Laquelle semble comporter trois volets si l'on en juge l'action et la pensée de l'homme:

  1. Dans la lutte qui oppose aux Etats-Unis les partisans du libéralisme et du conservatisme, Obama valorise une option hétérodoxe, sociale, démocrate, économiquement vaillante et idéologiquement libérée.
  2. Cette hétérodoxie se base sur un gouvernement d'experts qui dégroupe les sujets au cas par cas.
  3. Il veut faire du gouvernement un organe technique, apte, mesuré, qui applique une gestion microéconomique à la place de politiques macroéconomiques à l'axiome rigide. Un peu comme Esther Duflo et Muhammad Yunus ont révolutionné la lutte contre la pauvreté par des batteries de microtests et des expériences ultra-locales de responsabilisation et d'assistance, Obama fait partie de cette génération d'hommes et de femmes qui veulent transformer l'institution publique en intégrant les experts, les nouvelles technologies et un côté expérimental au centre de ses décisions politiques pour gagner en réalisme et en efficacité.

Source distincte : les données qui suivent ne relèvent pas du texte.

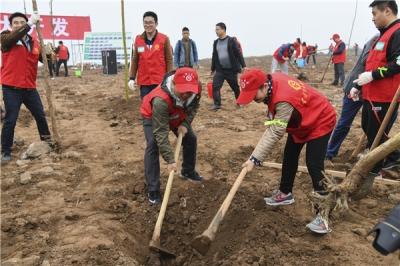 争做“领头雁” 当好“排头兵”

  4. Mais cette diminution de l'envergure politique de l'Etat s'accompagne d'un parti pris philosophique essentiel.
  5. En restreignant peu à peu le rôle politique et idéologique du gouvernement pour en faire une entité plus strictement exécutive, Obama a compris le grand phénomène de ces dernières années.

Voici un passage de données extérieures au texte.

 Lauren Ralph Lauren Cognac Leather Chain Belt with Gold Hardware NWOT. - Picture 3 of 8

    Il a assisté au transfert du pouvoir des mains des politiciens et des faiseurs de roi -médias, patrons, puissants- vers les individus, les mouvements d'opinions, les pétitions populaires provenant de Change.org ou d'Avaaz, les mobilisations citoyennes qui maîtrisent YouTube, Facebook et l'art du happening.

    Chaque individu a le pouvoir d'avoir un impact politique en parlant de son histoire. A cela s'ajoute une plus grande transparence, des moyens comme WikiLeaks et l'information générée par l'utilisateur, qui destitue d'autant plus les puissants de leur monopole.

Une métamorphose du pouvoir

Dans les traces de Franklin Roosevelt qui disait, "je suis d'accord avec vous, je veux le faire, maintenant faites-le moi faire", Obama se laisse convaincre par les individus qui s'octroient la parole. Il fait en sorte que la société civile s'empare pleinement de sa marge de manœuvre et le conduise à agir. C'est ainsi qu'il a changé d'avis sur le mariage gay et est devenu le premier président en exercice à y être favorable.

Cette métamorphose du leadership est intéressante pour l'avenir.

Elle participe à acheminer la démocratie vers une nouvelle étape de son développement: une plus grande et plus autonome prise de pouvoir des citoyens dont les représentants ne sont que les arbitres. La politique s'articule de plus en plus du bas vers le haut et c'est à ce surplus démocratique qu'Obama peut associer son nom.

Pas de doctrine Obama donc, mais une emprunte profonde sur la nature du pouvoir.

Favoriser les forces productives mais les orienter vers la responsabilité sociale, alléger l'Etat mais proposer une option publique efficace, démocratique et participative. C'est dans cette synthèse des contraires, dans cette attitude profondément ambiguë que s'écrit peut-être un moment essentiel de l'histoire politique.